# 和「馬到成功」結構相同的成語



## Skatinginbc

漢語講究結構對稱, 應該是「馬到功成」才通順(元·鄭廷玉《楚昭公》第四折：只願你馬到功成，奏凱而還), 但說也奇怪, 「馬到成功」反而更通行 (元·鄭廷玉《楚昭公》第一折：管取馬到成功，奏凱回來也).  "馬Noun + 到Verb + 成Verb + 功Noun"的結構是個例外還是有例可援?  你能想到其他具有同樣結構的成語嗎?


----------



## 枫十二

百度到一个词贼喊捉贼。


----------



## Skatinginbc

真謝謝你.  「賊喊捉賊」和「馬到成功」似乎在結構上有點不同.  賊喊什麼呢? 賊喊這個, 賊喊那個, 「賊喊捉賊」的「捉賊」和「這個」「那個」一樣, 擔任的是名詞的角色.


----------



## stellari

“旗开得胜”算不算？


----------



## Skatinginbc

算!  是個好例子!  謝謝你.  有趣的是, 「旗開得勝」亦出自元代 (關漢卿: 端的是旗開得勝, 馬到成功; 李文蔚: 顯威靈神兵扶助，施謀略旗開得勝).  真希望能找到更古老的例子, 要不然無法屏除「外族影響」或「元曲風格」的疑惑.  「馬到功成」和「馬到成功」同時出現在鄭廷玉的《楚昭公》裡, 彷彿反映了兩股句法勢力的存在.


----------



## SuperXW

一定要扯到外族影響上去麼？
「馬到成功」和「馬到功成」都通用，也可能只是因為「成功」作為一個常用詞，有些人聽起來較為順耳，所以自動把「功成」倒過來了吧？「得勝」也是，古代有人說「勝得」麼？
而且動詞前置，主動性比較強。比如說「貨到付款」就很自然吧？查字典還有「雲開見天」、「病至呼天」、「衣來伸手」、「賓至如歸」等類似的。
我覺得「到」「開」這類詞，有點「介詞」的性質。若是數【名 + 介 + 動 + 賓】的結構就很常見了，「筆下生花」、「火上澆油」、「節外生枝」……（好吧這有點牽強。）


----------



## Ghabi

《論語》裡說「迅雷風烈」,而非「迅雷烈風」;《楚辭》裡說「吉日兮辰良」,而非「吉日兮良辰」,這本來就是漢語裡頭一種不罕見的修辭。

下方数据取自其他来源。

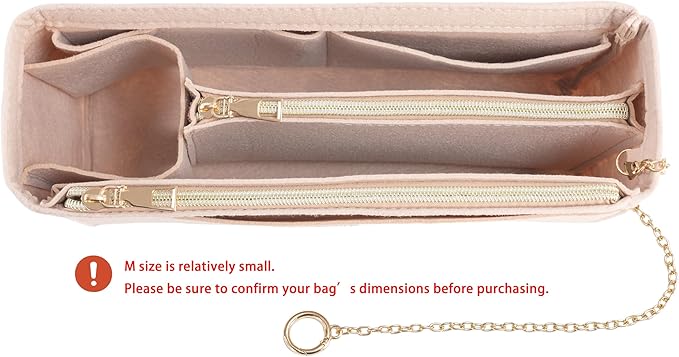 Purse Organizer Insert, Handbag Organizer with Zipper, Tote Shaper with Cup Holder & Keychain, Compatible with LV, Neverfull, MK, COACH, Longchamp, Kate Spade– Khaki-Sl. Med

另外,粵語裡只能說「馬到功成」,不能說「馬到成功」,這是方言的分別。


----------



## Youngfun

古代的成功跟现在的成功（success）意思一样吗？


----------



## Skatinginbc

Thank you all for the valuable inputs. 

I can understand the grammatical correctness of 迅雷風烈 and 吉日辰良 since both  post-nominal modifiers and pre-nominal modifiers are allowed in Archaic  Chinese.  But 「馬到成功」 is a different story.  It involves two different  subjects, that is, 「馬」 and an unspecified subject, without an overt  conjunction (e.g., 即, 就, 便, etc.).  誰成功? 馬嗎?  「馬到功成」 (馬一到, 功便成) has two subjects, both specified, and so a conjunction is not needed.  「旗開得勝」==> 誰得勝? 旗子嗎?  Why not 「開旗得勝」(一打開戰旗就獲得勝利), where 「開旗」 and 「得勝」 share the same subject?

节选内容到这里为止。